Table 5 Limitations on roof coverings*
Designation† of covering of roof or part of roof
Minimum distance from any point on relevant boundary
|National Class||European Class||Less than 6m||At least 6m||At least 12m||At least 20m|
|AA, AB or AC||Broof (t4)|
|BA, BB or BC||Croof (t4)|
|CA, CB or CC||Droof (t4)||(1)(2)||(1)|
|AD, BD or CD||Eroof (t4)||(1)(2)||(1)||(1)|
|DA, DB, DC or DD||Froof (t4)||(1)(2)|
- Not acceptable on any of the following buildings:
a. Houses in terraces of three or more houses.
b. Any other buildings with a cubic capacity of more than 1500m³.
- Acceptable on buildings not listed in Note 1, provided that part of the roof is no more than 3m² in area and is at least 1500mm from any similar part, with the roof between the parts covered with a material of limited combustibility.
- See paragraph 10.9 for limitations on thatch and wood shingles.
- The designation of external roof surfaces is explained in Appendix A. (See Table A5 for notional designations of roof coverings.)
Separation distances do not apply to the boundary between roofs of a pair of semi-detached houses (see para 10.5) and to enclosed/covered walkways. However, see Diagram 11 if the roof passes over the top of a compartment wall.
The National classifications do not automatically equate with the equivalent classifications in the European column, therefore products cannot typically assume a European class unless they have been tested accordingly.
© Crown Copyright 2011 – The Building Regulations 2010 Fire Safety Approved Document B
Full document available from www.planningportal.gov.uk
The designation of roof subject to conditions of external fire shall be according to both the time of penetration and the distance of spread of flame along their external surface.
Each category designation shall consist of two letters, e.g. AA, AC, BB, these being determined as follows:
A. Those specimens which have not been penetrated within 1 hour.
B. Those specimens which are penetrated in not less than ½ hour.
C. Those specimens which are penetrated in less than ½ hour.
D. Those specimens which are penetrated in preliminary flame ignition test.
A. Those specimens on which there is no spread of flame.
B. Those specimens on which there is not more than 533mm spread of flame.
C. Those specimens on which there is more than 533mm spread of flame.

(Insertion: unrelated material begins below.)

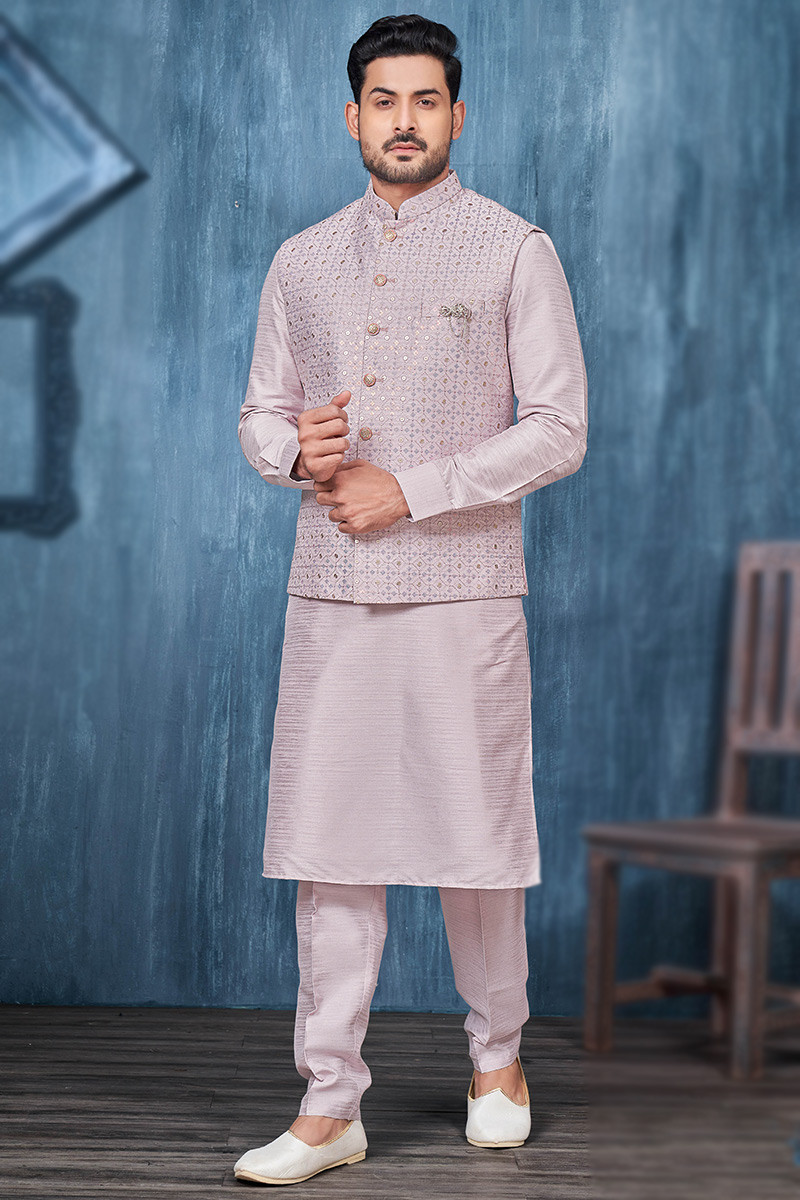 Art Silk Mauve Pink Jacket Style Men s Kurta Pajama MKPA06361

D. Those specimens which continue to burn for 5 minutes after the withdrawal of the test flame or spread more than 381mm across the region of burning in the preliminary test.
A U-value is a measure of heat loss. It is expressed in W/m²K, and shows the amount of heat lost in watts (W) per square metre of material (for example wall, roof, floor etc.) when the temperature (K) outside is at least one degree lower.
The lower the U-value, the better the insulation provided by the material.
The standard in Part L of the Building Regulations (2010) for replacement roofs is 0.18 W/m²K.